La présidente du tribunal a désigné M. B pour statuer sur les demandes de référé.
Considérant ce qui suit :
1. Aux termes de l'article L. 521-1 du code de justice administrative : " Quand une décision administrative, même de rejet, fait l'objet d'une requête en annulation ou en réformation, le juge des référés, saisi d'une demande en ce sens, peut ordonner la suspension de l'exécution de cette décision, ou de certains de ses effets, lorsque l'urgence le justifie et qu'il est fait état d'un moyen propre à créer, en l'état de l'instruction, un doute sérieux quant à la légalité de la décision. ". Aux termes de l'article L. 522-1 du même code : " Le juge des référés statue au terme d'une procédure contradictoire écrite ou orale. Lorsqu'il lui est demandé de prononcer les mesures visées aux articles L. 521-1 et L. 521-2, de les modifier ou d'y mettre fin, il informe sans délai les parties de la date et de l'heure de l'audience publique (). ". L'article L. 522-3 de ce même code dispose : " Lorsque la demande ne présente pas un caractère d'urgence ou lorsqu'il apparaît manifeste, au vu de la demande, que celle-ci ne relève pas de la compétence de la juridiction administrative, qu'elle est irrecevable ou qu'elle est mal fondée, le juge des référés peut la rejeter par une ordonnance motivée sans qu'il y ait lieu d'appliquer les deux premiers alinéas de l'article L. 522-1 ".
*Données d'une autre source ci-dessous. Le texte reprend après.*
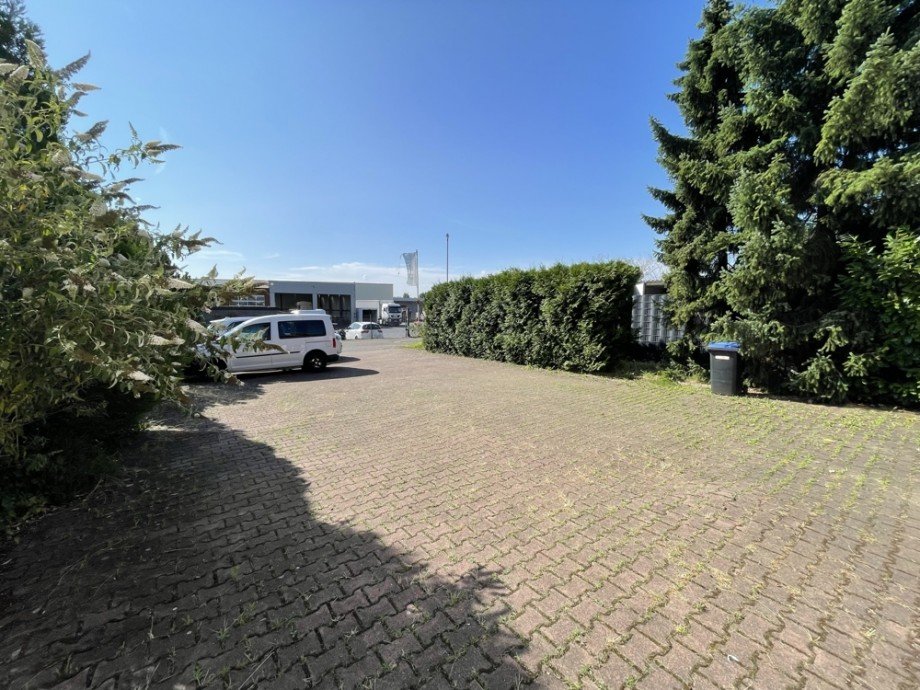 (40) Abschlie�end ein Blick auf die Stellplatzfl�chen vor der linken Geb�udeh�lfte Halle / Lager / Produktion Bottrop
2. Aucun des moyens invoqués par Mme A à l'encontre de la décision contestée n'est manifestement de nature, au vu de la demande et en l'état de l'instruction, à créer un doute sérieux sur la légalité de cette décision. Il y a lieu, par suite, sans qu'il soit besoin de se prononcer sur la condition relative à l'urgence, de rejeter la présente requête selon la procédure prévue à l'article L. 522-3 précité du code de justice administrative.
O R D O N N E :
Article 1er : La requête de Mme A est rejetée.
Article 2 : La présente ordonnance sera notifiée à Mme C A.
Une copie en sera adressée à la commune de Toulouse.
Fait à Toulouse, le 3 novembre 2023.
Le juge des référés,
B. B
La République mande et ordonne au préfet de la Haute-Garonne en ce qui le concerne ou à tous commissaires de justice à ce requis en ce qui concerne les voies de droit commun contre les parties privées, de pourvoir à l'exécution de la présente ordonnance.